(Scraped caption text data)
━━━━━━
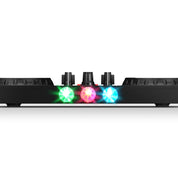 Numark Party Mix II DJ Controller Serato DJ Lite *B-Stock
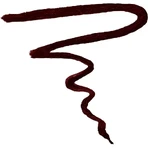 Shiseido Microliner Ink - Eyeliner - No. 03 Plum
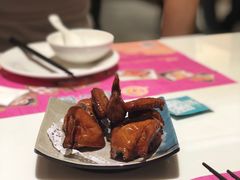 -有心德(麦地店)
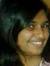 Aishwar...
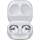 Samsung Galaxy Buds Pro srebrne - 619435 - zdjęcie 4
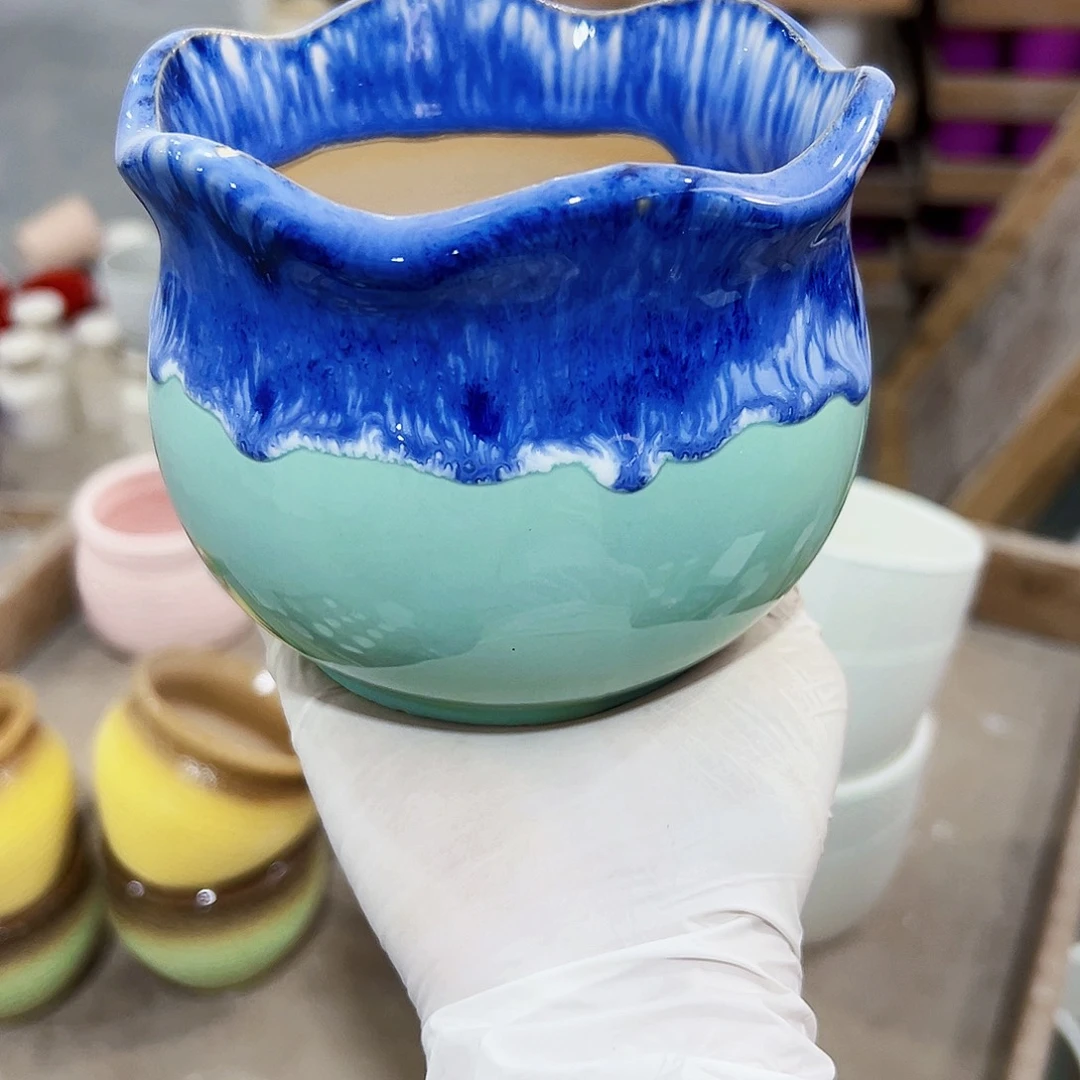 有孔，炸仓库凑单10米包邮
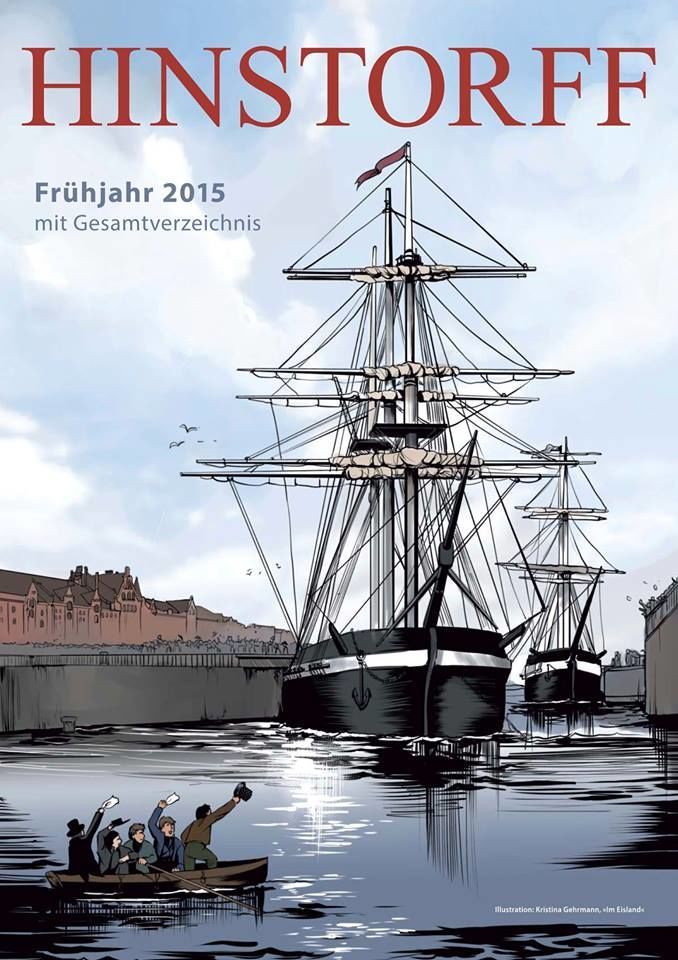 Gesamtverzeichnis 2015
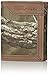 RealTree Men's Leather Canvas Trifold Wallet, Camo, One Size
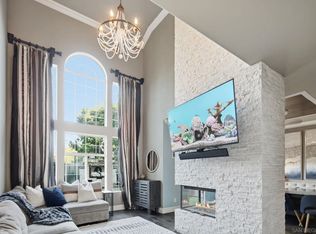 Ambiance, San Marcos, CA 92069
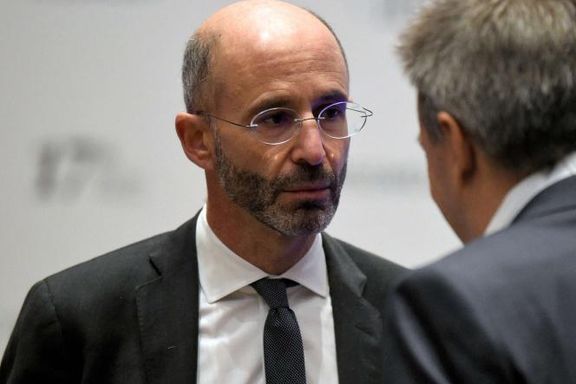 نماینده ویژه آمریکا در امور ایران: برای مذاکره مستقیم با ایران درباره برجام آمادهایم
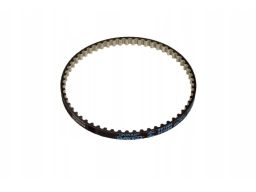 Pasek Rozrządu 941086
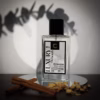 [Combo Quà Tặng] 1 Nước Hoa Luxury 50Ml (Deborah/Ruth) + 1 Son Kem Lì Rosy Touch The Stars - Chava - Ảnh 6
━━━━━━
* Try it *
Copy exactly, and only, the lines running from the one containing "有孔，炸仓库凑单10米包邮" through the final line of the data, and omit the pictures.

* Result *
 有孔，炸仓库凑单10米包邮
 Gesamtverzeichnis 2015
 RealTree Men's Leather Canvas Trifold Wallet, Camo, One Size
 Ambiance, San Marcos, CA 92069
 نماینده ویژه آمریکا در امور ایران: برای مذاکره مستقیم با ایران درباره برجام آمادهایم
 Pasek Rozrządu 941086
 [Combo Quà Tặng] 1 Nước Hoa Luxury 50Ml (Deborah/Ruth) + 1 Son Kem Lì Rosy Touch The Stars - Chava - Ảnh 6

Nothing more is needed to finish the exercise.